Ady Setyawan, Ketua Roode Brug Soerabaia mengatakan, Jl. Tunjungan sudah bagus dan gebyar seperti saat ini. Tetapi yang ia lihat adalah Pemkot Surabaya hanya membuat tunjungan, berdasarkan apa yang menurutnya baik.
“Tetapi mereka tidak memikirkan sudut pandang orang asing ketika melihat ini seperti apa,” ujarnya, usai FGD Srawung Budaya, di Hotel Majapahit, Rabu (15/12/2021).
Ia mencontohkan, saat ia berkunjung di Jepang, disana pinggir jalan, tiap 50 meter ada papan setinggi 1 meteran berisikan sejarahnya tempat dibelakangnya.
“Jadi, kalau ada seperti itu, kita bisa diberikan gambaran, orang bisa kebawa suasana Tunjungan pada tahun itu seperti apa gambarannya, wong iso mbayangno (orang bisa membayangkan, red),” katanya.
Kemudian, ia menjelaskan yang terjadi di Jl. Tunjangan, dengan membayangkan wisatawan luar negeri berkunjung. Dan hanya mendapati pasar malam biasa, serta disuguhi gedung-gedung tua tanpa cerita.

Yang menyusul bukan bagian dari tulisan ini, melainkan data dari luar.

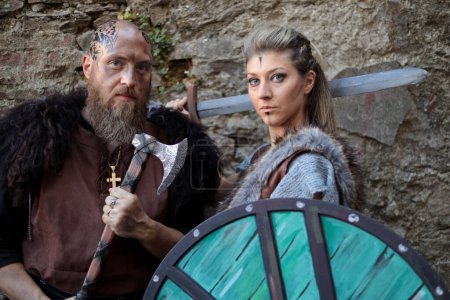 Photo for Lucca, Tuscany, Italy - October 30, 2022: Two Cosplayers dressed as Ragnar and Lagertha, characters from the TV series Vikings at the Lucca Comics and Games 2022 cosplay event. - Royalty Free Image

“Gedung tua mereka jauh lebih baik, tapi justru potensi kita, kisah sebagai Kota Pahlawan identitasnya, sama sekali tidak dimunculkan. Padahal itu yang menjadi pembeda Kota Surabaya, eman kan? (sayang kan?, red),” ketusnya.
Ia menilai, konsep Tunjungan Romansa bertentangan dengan unsur bangunan di sekitarnya. Sehingga, ia menyarankan Pemkot Surabaya harus fokus mengangkat sejarah heritage.
“Ya harusnya di fokuskan kesitu (heritage, red). Jadi orang ndak dapat feel-nya, ndak jelas, ini ambience-nya (suasananya, red) mau dibawa kemana,” pungkasnya
Di sisi lain, AH. Thony, Wakil Ketua DPRD Kota Surabaya mengatakan, bahwa Walikota Surabaya membuat program Tunjungan Romansa untuk membangkitkan ekonomi, memang ambigu.
Ia menyatakan, jika kawasan pembangkitan ekonomi, sebetulnya bukan tunjungan tempatnya. Lebih tepatnya, jika Pemkot Surabaya ingin membangkitkan perekonomian masyarakat, seharusnya di pasar.
“Ya di pasar-pasar itu tempatnya, atau sektor-sektor bisnis. Sektor bisnis itu harus digarap, seperti pasar yang tutup, bagaimana caranya harus di fungsikan, itu untuk pemulihan ekonomi,” ujarnya.
Menurutnya, konsep pemulihan ekonomi dalam menghidupkan Pasar Tunjungan dan Pasar Blauran, bisa dilakukan dengan memfasilitasi pelaku usaha berjualan eceran, makanan dan sebagainya di pinggir Jl. Tunjungan.
Lanjutnya, kemudian ketika ada seseorang ingin belanja secara partai atau tengkulak bisa masuk ke Pasar Tunjungan dan Pasar Blauran.
“Artinya, saya katakan, konsep Surabaya Romansa itu masih baru menyentuh kulitnya saja, pada sisi nilai perjuangan harusnya menjadi sebuah sasaran,” cetusnya.
Thony juga mengatakan, jika kemudian ekonomi menjadi tujuan Pemkot Surabaya, maka harus bisa mendongkrak terhadap keberadaan Pasar Tunjungan yang tembus pasar blauran.
“Dua pasar ini harus hidup sekaligus. Sehingga, pasar Blauran, Pasar Tunjungan, dan Jl. Tunjungan itu menjadi bagian yang tidak terpisahkan, ekosistem ekonominya,” pungkasnya.